I will be grateful for any recommendations. (We can live with false positives.)
There is a guide to the audio classification task.
You will need a dataset with your wake word. Then do not try and capture the word directly in all languages as that is noisy and the inference of that word can be found in different contextual positions based on the language. I suggest you try 2 different paths. A diffusion model could work well as noise can be reduced and overall context is preserved so your wake word would be found in all contextual representations despite the noise. The difficult part would be can diffusion process differentiate the background noise from applied noise.
It would probably be better to encode the audio in a latent space and then use a swiGLU network to learn to ignore noise and capture the contextual wake word.

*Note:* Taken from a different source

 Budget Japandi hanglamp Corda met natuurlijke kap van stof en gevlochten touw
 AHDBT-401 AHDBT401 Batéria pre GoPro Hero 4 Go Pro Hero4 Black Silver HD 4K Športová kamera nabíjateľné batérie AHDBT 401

This can be pretty strait foward. I would suggest first encoding the audio it a latent space such as a context vector and then using 2 to 3 sequential layers that can cut through the noise to the contextual wake word. This should be easily achievable.
Thanks! I did the course, of course. The thing is the word is not part of any of the datasets and none of the mentioned models was trained to detect it.
Thank you! I have not considered these options. And have not even known about them. Any ideas on the required size of the dataset?
The size of the dataset would be dependent on the direction you choose to go. If you go the diffusion route you will need a substantial and diverse dataset to achieve generalization. If you use a GLU or swiGLU sequential networks you could probably get by on smaller dataset but quality will matter far more then quantity.
diffusion: 1 million +
GLU/swiGLU: probably can do 100k
These are rough estimates and are very dependent on quality and diversity.
Variation and quality will be major factors for accuracy and ensuring diversity variance will help with generalization which is what you want.
Also you must factor in noise as real data is not clean so you will need to clean that data as best as possible or ensure when you convert it to a latent space that tag the wake word with a contextual marker this can be a POS tag or a fixed embedding of the wake word. So in the case of a GLU you provide the noisy based latent space vector and the fixed wake word embedding so the model will learn to differentiate the wake word from the noise. If you pass both into a sequential GLU’s at least 2 to the first should reduce the noise and the second should target the wake word with in the latent vector and from that it can generalize. But you will diversity for generalization across variational language structure and meaning nuances.